David Green

David Green (Books) is the imprint under which I published booklets of my own poems. The original allocation of ISBN numbers is used up now, though. The 'Collected Poems' are now available as a pdf. The website is now what it has become, often more about music than books and not so often about poems. It will be about whatever suggests itself.

Friday, 3 July 2026

Racetrack Wiseguy on the World Cup

 Horrific exploitation of readily-duped supporters who have been conditioned into a state of bad faith passionate engagement it clearly is but I'm torn between how much of a critic of the once-much-loved World Cup I'm prepared to be and how much a dissenter from the once-almost-unassailable orthodoxy of Marxist analysis. One wants to be both but the usual liberal dilemmas apply and it's a bit of each.
It's an absolute piece of cake, though, to re-invigorate the turf account. Not on the horse racing turf but on the football turf of the Americas in summer. I was on the lookout for an obvious group game win to pile into at odds on to generate some ammunition. I'm glad I did enough research into Brazil to find that Pele & Co have retired by now and it isn't proper Brazil anymore. While a few 'dead certs' went in, other good things did not and one wants to be risk averse when one false move puts one in the minus for the year and I'm not used to that.
But, working through the draw and how it all pans out after it began to look like some other old, much-vaunted old names weren't much good, it seemed that there wasn't a lot in Argentina's way to the final and only Spain were a danger to France. Patriotism, 'the last refuge of a scoundrel' according to Dr. Johnson, does one no favours and I'm glad I don't suffer from it. 
France to beat Argentina in the final paid 22/1 only a few days ago and the other way round it was 25/1. Nothing but the entirely expected has happened to either of them in the meantime but those prices have collapsed and I can already take a modest profit from having invested.
But you'd think there was more to be had, that we can wait until just before the semi-finals and then cash out one or both bets or maybe even field against Spain.
So far, it feels like taking candy from a baby but I haven't snatched it off them yet. I'm waiting for my moment. One mustn't leave it too late in case they suddenly swallow the lot but one doesn't want to go too soon because there could be odds of more than 20/1 to be landed.
It's not that that keeps me awake at night, it's other things and I don't mind being awake at night. I'm enjoying being in this advantageous position.
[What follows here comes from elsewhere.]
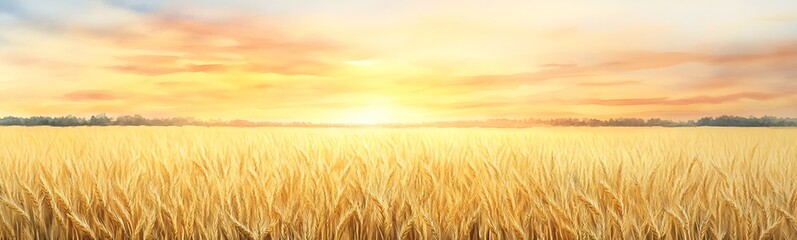 Fototapeta premium Golden field of wheat under a vibrant sunset sky, evoking tranquility and abundance.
I've just got to make sure I don't blow it.

Library Discovery

My reading of Henry James ground to a halt halfway through The Ambassadors. I felt I needed to borrow the rubber stamp Larkin had made that he used on unsolicited poems he was sent, 'Why should I care?'
Sitting in my upstairs room, the second half of the alphabet of prose fiction is on my right hand side. Closest to hand is Dylan Thomas, Portrait of the Artist as a Young Dog, very good to return to and maybe I approve of him more in prose fiction than in poems. But Treasure Island was worth picking up and I'm enjoying it very much. I knew how old it was but hadn't realized it was a Christmas present from 1967. It is inscribed to me from Aunty Joan and Uncle Andy, who do not appear on the family tree but were next door neighbours.
A 235 page novel is a big ask for an 8yo and I don't think I ever got further than its first two or three pages, which were a bit scary. I'd like to think Uncle Andy, and Joan who I don't remember now, would be glad to know I'm grateful, 59 years later. It's not my oldest possession but comes in not far behind my dog, Jock, who arrived at my first Christmas in 1959, and is roughly contemporaneous with my Astronomy books that tell me that Jupiter has 16 moons and Saturn 9. At least they were ahead of Galileo who thought Jupiter had 4.